◆ **ACTIVITY**
Lines holding the string "Wood": copy each one from the listing below.

◆ **LISTED RECORDS**

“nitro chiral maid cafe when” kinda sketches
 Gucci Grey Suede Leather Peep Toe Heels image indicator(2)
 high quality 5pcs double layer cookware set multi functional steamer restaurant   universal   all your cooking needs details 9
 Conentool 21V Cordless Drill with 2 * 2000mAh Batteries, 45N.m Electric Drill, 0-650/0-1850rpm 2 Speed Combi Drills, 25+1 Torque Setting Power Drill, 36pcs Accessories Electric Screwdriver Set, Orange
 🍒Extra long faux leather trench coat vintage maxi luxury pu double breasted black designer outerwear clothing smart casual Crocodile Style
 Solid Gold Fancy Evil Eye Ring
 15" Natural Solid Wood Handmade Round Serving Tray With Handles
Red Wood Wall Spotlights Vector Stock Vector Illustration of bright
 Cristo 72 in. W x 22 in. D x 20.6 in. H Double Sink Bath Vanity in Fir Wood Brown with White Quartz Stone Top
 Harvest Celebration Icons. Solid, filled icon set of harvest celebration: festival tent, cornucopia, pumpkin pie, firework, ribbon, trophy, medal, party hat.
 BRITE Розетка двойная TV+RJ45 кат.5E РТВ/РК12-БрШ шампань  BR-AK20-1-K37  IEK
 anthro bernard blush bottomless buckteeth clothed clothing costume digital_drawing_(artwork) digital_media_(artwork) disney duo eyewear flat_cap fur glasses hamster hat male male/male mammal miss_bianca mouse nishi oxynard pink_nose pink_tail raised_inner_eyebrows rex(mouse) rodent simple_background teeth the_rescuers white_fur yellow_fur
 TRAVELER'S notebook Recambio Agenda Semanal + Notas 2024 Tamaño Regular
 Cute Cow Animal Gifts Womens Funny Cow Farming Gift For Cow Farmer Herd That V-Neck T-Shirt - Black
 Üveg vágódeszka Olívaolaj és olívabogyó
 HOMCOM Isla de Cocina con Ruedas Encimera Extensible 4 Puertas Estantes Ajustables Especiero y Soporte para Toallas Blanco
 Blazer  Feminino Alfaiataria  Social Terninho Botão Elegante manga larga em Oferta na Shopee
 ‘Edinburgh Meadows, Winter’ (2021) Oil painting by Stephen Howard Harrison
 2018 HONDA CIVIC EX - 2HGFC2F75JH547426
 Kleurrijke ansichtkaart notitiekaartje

◆ **TASK SOLUTION**
 15" Natural Solid Wood Handmade Round Serving Tray With Handles
Red Wood Wall Spotlights Vector Stock Vector Illustration of bright
 Cristo 72 in. W x 22 in. D x 20.6 in. H Double Sink Bath Vanity in Fir Wood Brown with White Quartz Stone Top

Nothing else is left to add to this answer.